离开京东顺丰的日子
2017-03-22陶旺波
陶旺波
杜佑南的电动车丢了。此时,距他离开顺丰,转行送外卖仅仅过去一周。
那是一辆崭新的电动车,杜佑南每天出门和回家都要把它擦得干干净净,就如同是在打磨自己的新生活。“买回来先砸几下就好了,省着贼惦记。”
杜佑南还不到25岁,之前在顺丰工作过1年多。那时,1.5元/单的派件费加上更高一点的揽件费,让他每个月收入可以达到5000-8000元,远远高于他打零工收入。
然而,一年后杜佑南决定离开。很多人觉得做一名顺丰的快递员 “待遇不错、工作稳定”,但杜佑南却不这样看。不仅是因为外卖的收入更高,还因为他渴望自由。“货太多了,一天送货就有90件,收货也差不多有几十件,每天忙上忙下,还要打包,还要跟各种客户打交道,真的很累。”
当问到“自由”具体是指什么时,杜佑南也答不上来,他只知道“送外卖是一个自由的工作”。春节过后,一大波快递员正在转投“外卖”这个自由工种,原因并非传说中上“社保”这么简单。
如果是电子产品,丢了就完蛋了
用餐高峰的其他时段,杜佑南可以不那么累。下午3点,他甚至还能有时间闲聊一会儿,如果他还在顺丰,他此时应该正在打包、拣选快件,或者准备出门派件、揽件,通常要到晚上10点才会收工。
周末休息对快递员来说简直是奢望。若一定要休息,也得找别人替自己。但在外卖团队,杜佑南只需提前跟老板说一声,保证团队人手够就行了。按规定,他每月可以休4天。
一位南方县城的快递员曾发帖描述过自己的生活:“快递员普遍胃和腰都不好,因为每天要送很多件,又经常扛大件,很多着急的客户会一直催,所以快递员经常一整天不停地在跑,根本没时间休息和吃饭,早上啃两个馒头上班,中午基本没时间吃,晚上下班回家再吃第二顿。就怕冬天下雨,衣服一湿就冻得手僵硬嘴唇发黑。”

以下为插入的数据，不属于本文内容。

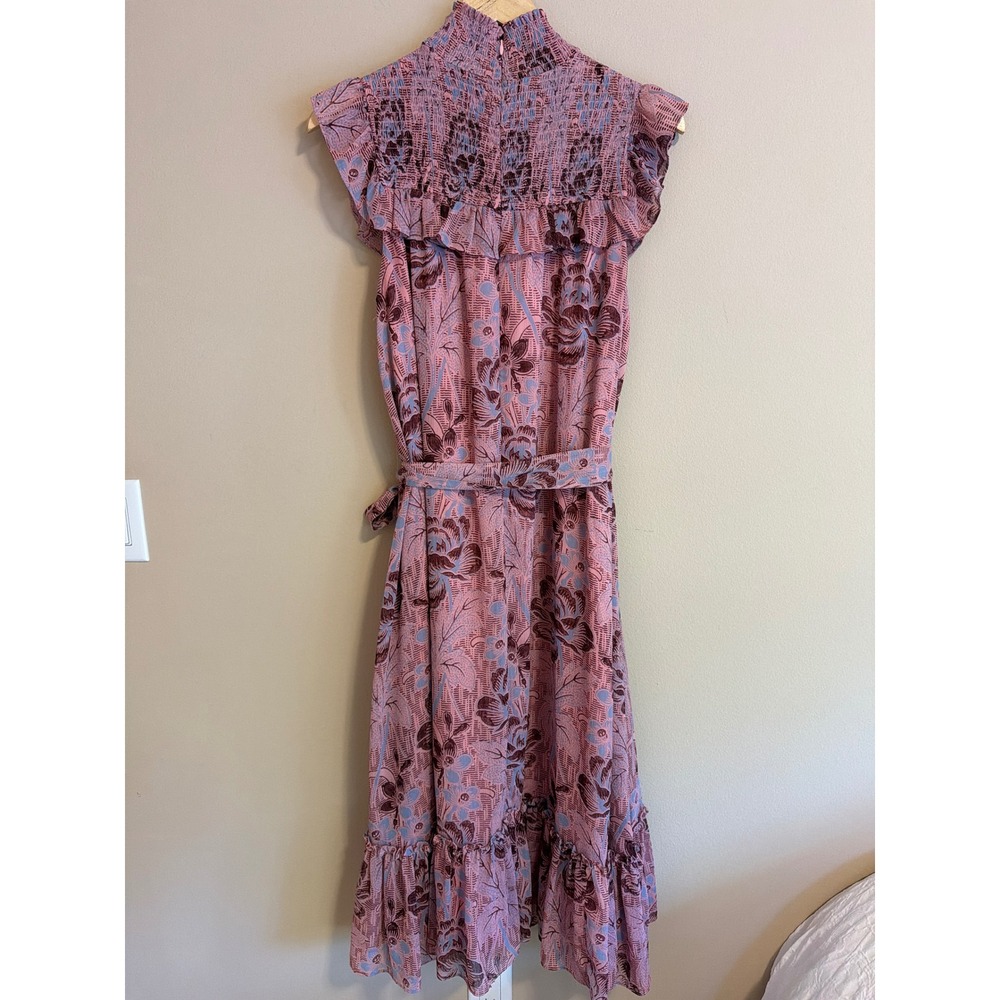 Likely Pink Floral Smocked High Neck Ruffle Midi Levine Dress Size 8 - Picture 6 of 9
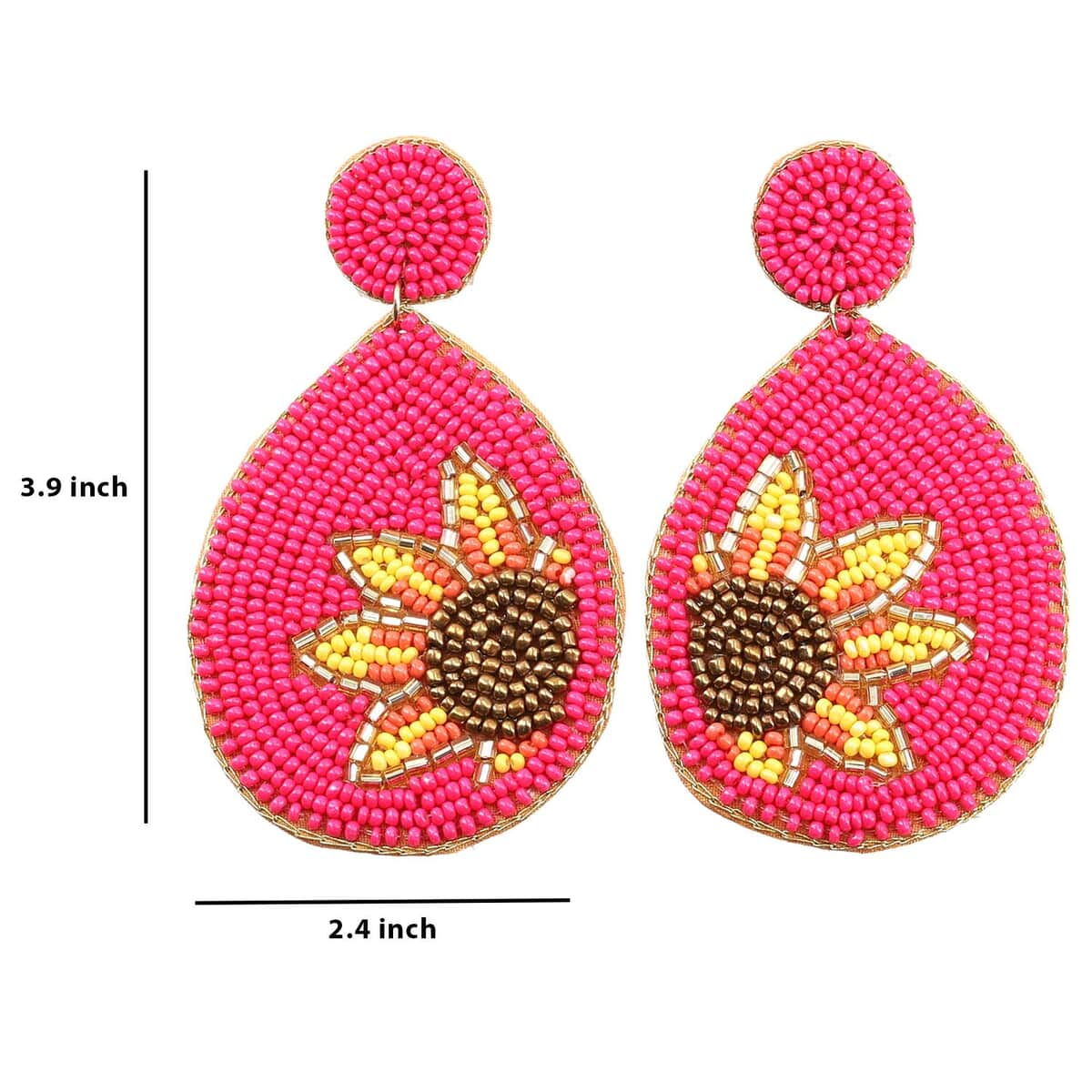Handcrafted Magenta Seed Beaded Sunflower Design Earrings in Goldtone image number 2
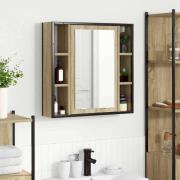 vidaXL Badrumsspegelskåp Beige 60 x 16 x 60 cm Konstruerat trä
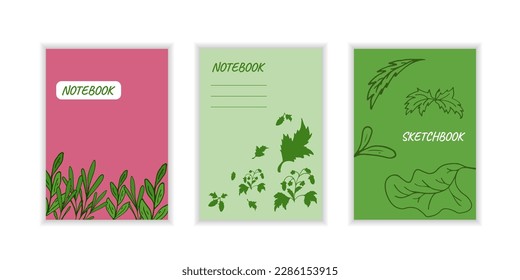 Cover notebook with leaves. Templates drawing natural pattern. Leaves, stroke, pink and green color. Graphic Designe frame for cover, back, poster, card, flyer, banner, brochure, notepad, sketchbook.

送快递还怕丢货。“顺丰收的货比较贵重,丢了损失很大,真的是提心吊胆。”杜佑南说。相比之下,一份外卖几十元,再多不过一两百元,即便丢了或者打翻,都还可以承受。
杜佑南记得在顺丰时,一位同事连车带货全部被偷。这种情况公司并不负责,该同事只好自掏腰包赔偿客户,然后再重新买了一辆电动车。“里面只是衣服,几百块钱也还好,如果是电子产品,那就完蛋了。”
曾是京东成都区配送员的曾崇庆告诉记者,他认识的一位京东配送员,最近离职去了达达,原因是某天拉了一车货去写字楼派件,车被偷了,货也没了,一下子赔了七八千,损失两个月的收入。
对于曾崇庆而言,促使他辞去京东稳定的工作、跳槽去送外卖的理由,是外卖团队更年轻化的氛围和更大的上升空间。“我离开京东时,京东布局已经成型,只管在三四五线城市下沉。我留在京东,干10年才可能升站长,20年才可能升区域主管。而外卖刚发展,体量肯定会膨胀得很快。”曾崇庆说。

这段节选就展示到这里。